She participated in the withdrawal from Narvik in April 1940 and
on 6 December 1940, was bombarded from shore as her launches brought
of the wounded at Tobruk. In February 1941, the ship joined her
sistership Dorsetshire in evacuating the wounded from the besieged
Tobruk, before operating from the Red Sea to South Africa, Australia
and New Zealand repatriating wounded soldiers.
At
12.57 hours on 7 April 1942, German u-boat U-453 fired a spread
of four torpedoes at a steamer of 10,000 gross tonnes and heard
three detonations after 47 seconds. HMHS Somersetshire was not
recognised as a hospital ship by the U-boat anf ortunately she
was carrying no patients. The hit was on the starboard side, forward,
and Somersetshire settled by the head with a list. One crew member
and six Royal Army Medical Corps staff were lost. 114 crew members,
64 medical staff members and two stewardesses abandoned ship in
13 lifeboats. The crew later reboarded her and managed to reach
Alexandria on the port engine and assisted by tugs.
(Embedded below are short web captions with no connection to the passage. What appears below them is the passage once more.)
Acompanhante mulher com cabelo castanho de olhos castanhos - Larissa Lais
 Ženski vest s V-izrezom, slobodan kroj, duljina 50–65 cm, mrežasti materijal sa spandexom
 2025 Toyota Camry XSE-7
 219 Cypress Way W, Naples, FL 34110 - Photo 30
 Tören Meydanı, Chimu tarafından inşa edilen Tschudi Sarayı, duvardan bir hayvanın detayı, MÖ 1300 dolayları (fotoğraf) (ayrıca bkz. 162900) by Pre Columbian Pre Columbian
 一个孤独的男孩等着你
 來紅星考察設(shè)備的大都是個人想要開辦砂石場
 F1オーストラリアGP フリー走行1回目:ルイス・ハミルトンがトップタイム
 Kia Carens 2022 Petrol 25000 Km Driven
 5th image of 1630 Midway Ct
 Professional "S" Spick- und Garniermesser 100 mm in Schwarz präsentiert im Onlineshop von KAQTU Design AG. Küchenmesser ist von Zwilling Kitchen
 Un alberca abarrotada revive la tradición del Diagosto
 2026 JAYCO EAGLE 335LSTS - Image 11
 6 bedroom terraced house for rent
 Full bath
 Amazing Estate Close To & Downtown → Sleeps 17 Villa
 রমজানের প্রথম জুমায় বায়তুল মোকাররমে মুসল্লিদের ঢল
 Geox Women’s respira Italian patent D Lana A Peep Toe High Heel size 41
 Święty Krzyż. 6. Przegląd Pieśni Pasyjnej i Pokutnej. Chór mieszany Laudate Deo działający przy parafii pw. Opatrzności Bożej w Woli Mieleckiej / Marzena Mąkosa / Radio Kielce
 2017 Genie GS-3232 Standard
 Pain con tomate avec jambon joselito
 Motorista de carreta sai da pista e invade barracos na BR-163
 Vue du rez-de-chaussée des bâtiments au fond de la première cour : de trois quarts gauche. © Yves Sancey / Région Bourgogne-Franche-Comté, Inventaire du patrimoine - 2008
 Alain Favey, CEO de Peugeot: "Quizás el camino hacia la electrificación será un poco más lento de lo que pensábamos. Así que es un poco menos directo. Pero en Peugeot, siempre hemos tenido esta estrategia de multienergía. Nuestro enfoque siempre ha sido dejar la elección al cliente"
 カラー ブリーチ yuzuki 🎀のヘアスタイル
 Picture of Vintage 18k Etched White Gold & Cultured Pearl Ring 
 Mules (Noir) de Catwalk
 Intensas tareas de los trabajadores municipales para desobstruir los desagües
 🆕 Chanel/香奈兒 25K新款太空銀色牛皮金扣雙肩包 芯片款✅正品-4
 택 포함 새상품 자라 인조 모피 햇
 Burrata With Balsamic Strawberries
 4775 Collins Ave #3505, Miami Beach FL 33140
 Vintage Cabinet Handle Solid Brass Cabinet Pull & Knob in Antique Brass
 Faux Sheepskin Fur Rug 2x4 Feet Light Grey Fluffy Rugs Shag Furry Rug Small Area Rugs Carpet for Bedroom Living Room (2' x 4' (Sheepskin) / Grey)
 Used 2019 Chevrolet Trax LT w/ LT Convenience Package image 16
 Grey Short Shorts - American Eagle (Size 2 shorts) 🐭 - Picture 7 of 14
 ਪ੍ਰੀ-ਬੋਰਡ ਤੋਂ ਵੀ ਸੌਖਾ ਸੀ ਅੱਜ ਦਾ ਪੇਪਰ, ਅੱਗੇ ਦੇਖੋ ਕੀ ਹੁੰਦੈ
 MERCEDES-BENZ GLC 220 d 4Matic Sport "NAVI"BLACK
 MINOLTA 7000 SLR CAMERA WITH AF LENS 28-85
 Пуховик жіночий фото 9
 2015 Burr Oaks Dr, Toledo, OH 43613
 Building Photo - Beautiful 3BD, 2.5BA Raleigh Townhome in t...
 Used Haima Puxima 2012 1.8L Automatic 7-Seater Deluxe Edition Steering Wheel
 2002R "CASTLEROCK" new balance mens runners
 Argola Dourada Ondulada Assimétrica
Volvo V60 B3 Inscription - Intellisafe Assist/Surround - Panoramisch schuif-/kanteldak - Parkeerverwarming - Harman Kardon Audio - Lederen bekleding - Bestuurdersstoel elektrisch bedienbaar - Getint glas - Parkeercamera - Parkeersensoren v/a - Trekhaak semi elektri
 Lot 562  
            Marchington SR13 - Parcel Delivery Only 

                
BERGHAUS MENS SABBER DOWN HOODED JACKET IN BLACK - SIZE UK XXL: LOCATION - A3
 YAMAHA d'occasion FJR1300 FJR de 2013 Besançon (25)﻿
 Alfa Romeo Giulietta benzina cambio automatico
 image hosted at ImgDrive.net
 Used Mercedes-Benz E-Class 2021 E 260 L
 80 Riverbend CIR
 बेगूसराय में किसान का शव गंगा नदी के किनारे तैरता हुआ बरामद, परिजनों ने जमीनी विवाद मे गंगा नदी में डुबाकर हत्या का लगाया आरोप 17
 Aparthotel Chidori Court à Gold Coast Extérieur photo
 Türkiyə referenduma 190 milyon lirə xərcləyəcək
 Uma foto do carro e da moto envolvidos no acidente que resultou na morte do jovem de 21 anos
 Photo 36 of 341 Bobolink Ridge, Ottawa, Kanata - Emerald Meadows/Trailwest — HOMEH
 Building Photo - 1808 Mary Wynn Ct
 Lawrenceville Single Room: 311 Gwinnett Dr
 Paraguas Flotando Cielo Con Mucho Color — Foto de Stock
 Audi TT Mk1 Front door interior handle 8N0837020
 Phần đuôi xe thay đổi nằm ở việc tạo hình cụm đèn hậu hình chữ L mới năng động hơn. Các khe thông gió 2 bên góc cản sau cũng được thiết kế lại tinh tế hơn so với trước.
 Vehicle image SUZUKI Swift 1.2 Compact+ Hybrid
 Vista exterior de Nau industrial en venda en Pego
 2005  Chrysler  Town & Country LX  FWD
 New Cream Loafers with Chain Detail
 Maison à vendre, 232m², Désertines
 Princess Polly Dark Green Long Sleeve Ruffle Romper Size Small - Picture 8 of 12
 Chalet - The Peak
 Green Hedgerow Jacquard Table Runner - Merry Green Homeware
The remaining
survivors were picked up by a Greek destroyer.
From
1944 to 1946, the Somersetshire sailed all over the world as a
hospital ship and finishing up in the Pacific. In February 1948,
the ship was decommissioned and rebuilt until November by Harland
& Wolff to a passenger ship with accommodation for 550 passengers.
In 1953, the ship briefly returned to trooping to East Africa
during the Mau Mau troubles and in 1954 was broken up by Thos.
W. Ward in Barrow-in-Furness.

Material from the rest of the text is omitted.